- **About this task**:
Without the pictures, retype exactly the lines from the top of the entries below through the line that contains "Little Sleepies Red-Pink".

--- Data provided Enclosed Below ---

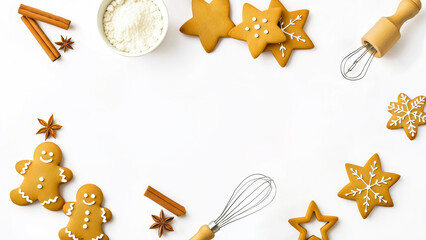 Christmas baking flat lay frame with gingerbread cookies, cinnamon sticks, star anise, powdered sugar, kitchen utensils around clean white background. Christmas recipes, seasonal baking concepts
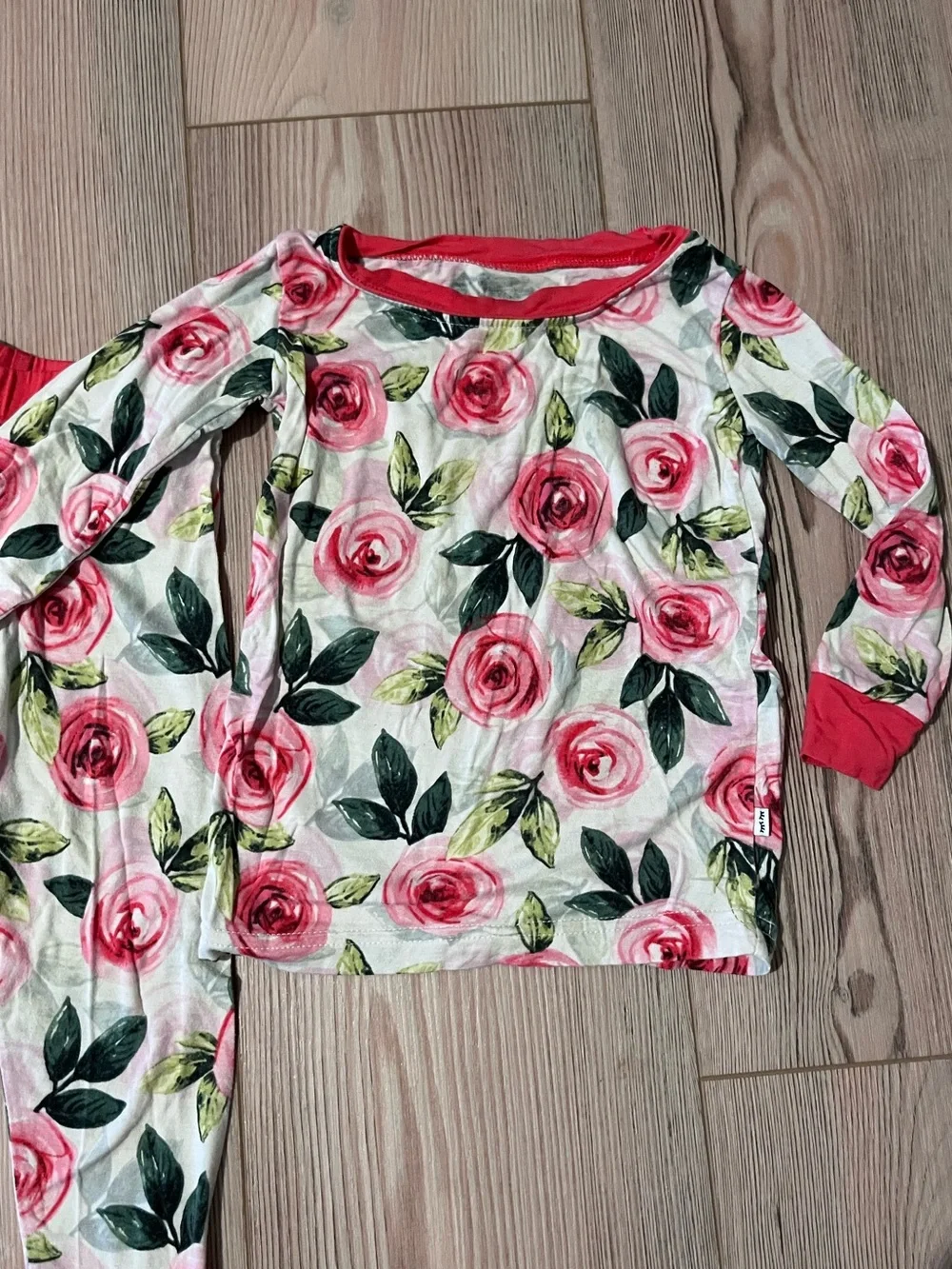 Little Sleepies Red-Pink Rose Floral Pajama Set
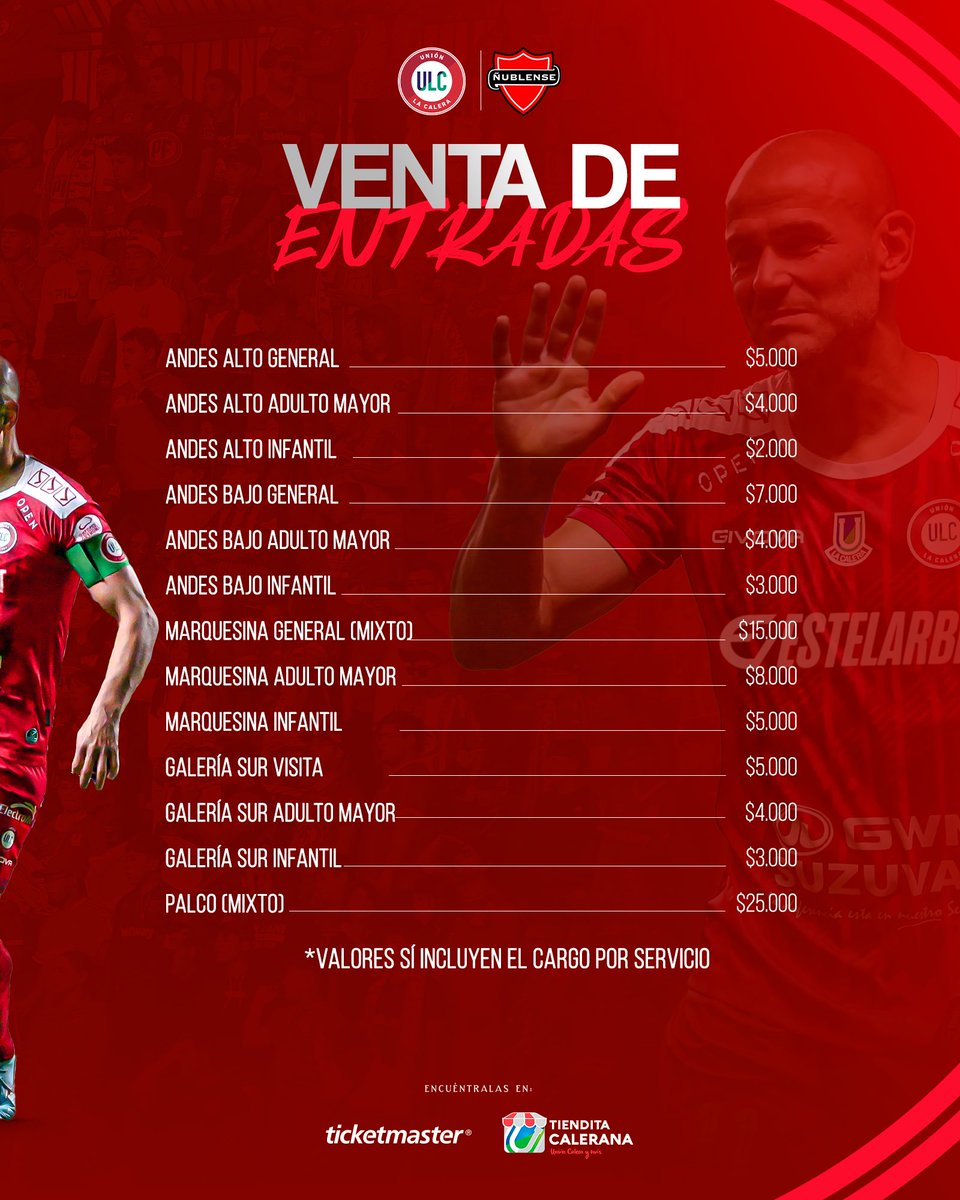 Las entradas para el duelo de este domingo ante Ñublense en casa ya están disponibles y queremos contar con todo su apoyo caleranos 🤞

Ingresa a ticketmaster.cl o dirígete a la Tiendita Calerana para no quedarte fuera de este importante partido en casa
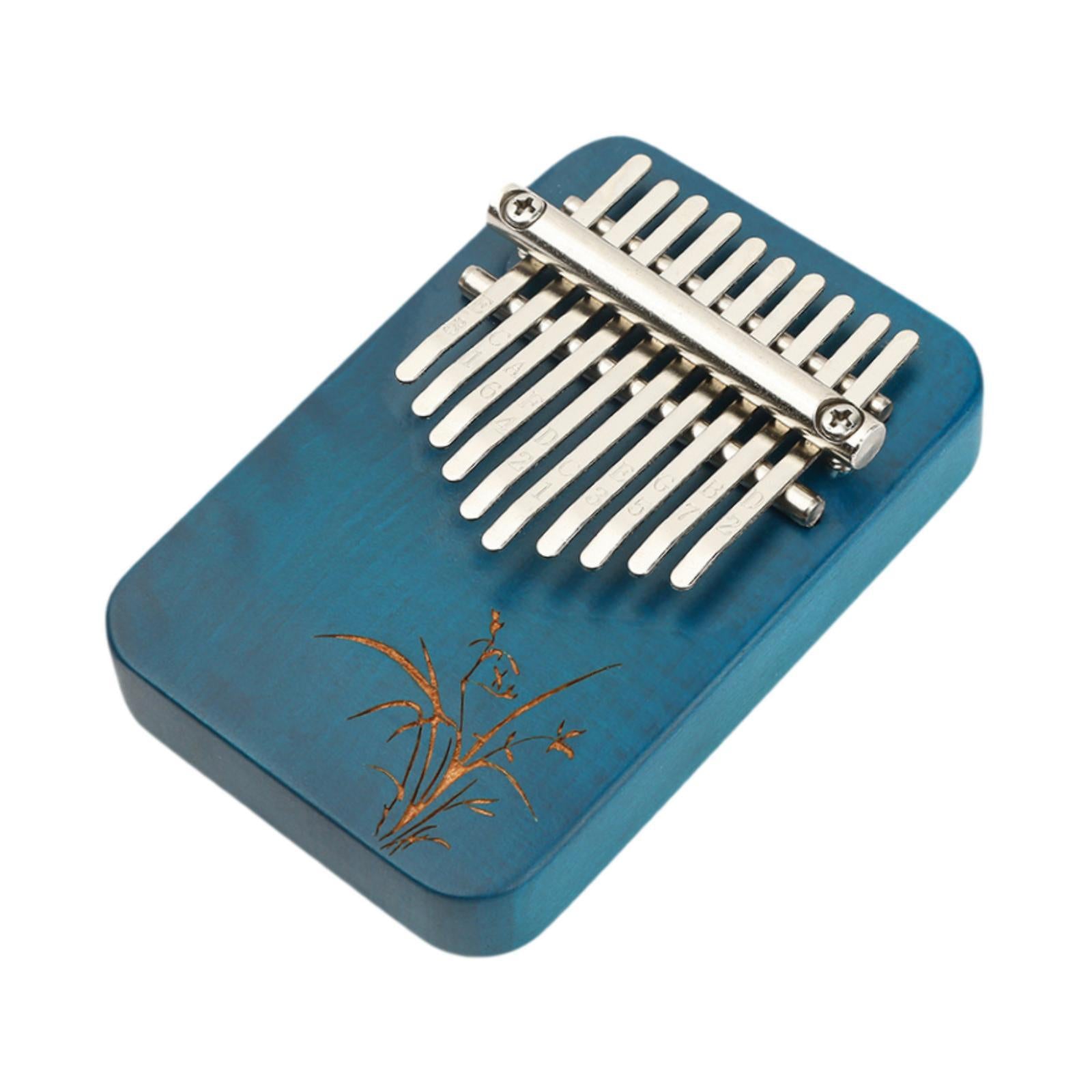 Wood Mbira with 10 Notes Wood Thumb Piano Finger Piano Mbira Lightweight Blue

--- End of Enclosed Data provided ---

- **Response area**:
 Christmas baking flat lay frame with gingerbread cookies, cinnamon sticks, star anise, powdered sugar, kitchen utensils around clean white background. Christmas recipes, seasonal baking concepts
 Little Sleepies Red-Pink Rose Floral Pajama Set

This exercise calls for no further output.